Earlier this month, I asked if anyone knew of a comparison between Torque and Hibernate. My former coworker and Ancept refuge McClain emailed me about Torque:
i read about hibernate on yer blog, and it does indeed seem quite similar to torque, though (the last time i saw it) torque relies on shell scripts and the like to generate the db tables.
mappings, relations and mutation are created in much the same way, via xml files.
Torque is actually the persistence layer for Turbine, though (last i checked) the turbine project was trying to componentize all of theirsubsystems so that they can be used independently.
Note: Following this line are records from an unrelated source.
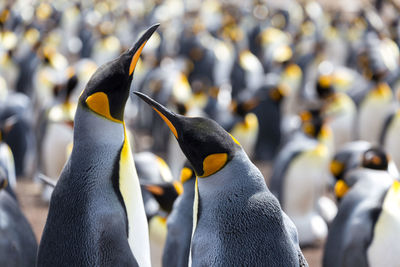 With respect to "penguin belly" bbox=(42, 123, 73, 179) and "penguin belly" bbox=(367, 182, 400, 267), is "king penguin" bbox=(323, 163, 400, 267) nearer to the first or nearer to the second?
"penguin belly" bbox=(367, 182, 400, 267)

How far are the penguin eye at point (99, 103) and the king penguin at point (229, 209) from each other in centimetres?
28

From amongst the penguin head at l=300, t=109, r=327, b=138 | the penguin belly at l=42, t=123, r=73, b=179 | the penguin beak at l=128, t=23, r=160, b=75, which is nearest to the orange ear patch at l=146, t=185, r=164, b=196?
the penguin beak at l=128, t=23, r=160, b=75

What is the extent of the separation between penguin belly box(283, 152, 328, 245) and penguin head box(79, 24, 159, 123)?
2965 mm

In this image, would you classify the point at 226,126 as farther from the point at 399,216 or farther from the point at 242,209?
the point at 242,209

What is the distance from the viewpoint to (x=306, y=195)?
199 inches

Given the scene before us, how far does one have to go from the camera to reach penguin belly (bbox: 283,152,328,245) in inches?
193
So it sounds like Torque is pretty similar to Hibernate, though in Torque, the XML files are the driver which is used to create the database schema while in Hibernate the database schema is primary and you use XDoclet to generate the mapping files.

In other Hibernate news, the first beta of Hibernate 2 was released yesterday. It sounds like this is a ground-up rewrite with a lot of new features.

Hibernate2 Porting Guidelines

McClain also told me a little more about the Prevayler project he's working on:

my prevayler project is coming along pretty well (speaking of persistence). My prevalent system is mind-bogglingly simple: a map of catalog entries whose parent-child relationships are managed by a javax.swing.TreeModel (!).
Using the tree model has been a huge boon, as all of my relationships are managed consistently, and catalog entries are never duplicated, even with cross-linked nodes, multiple parents etc. All of this came free with the treemodel, which i vote should be moved into the collections package. If you ever have to do quick hierarchical crap, I highly recommend it.

I was concerned about migrating old data when you change your objects. Marcus Ahnve (who is actually using Prevayler in an XP development environment) has an interesting post on schema evolution. I'm intrigued by Prevayler, but using a relational database as your backend does still have a number of advantages.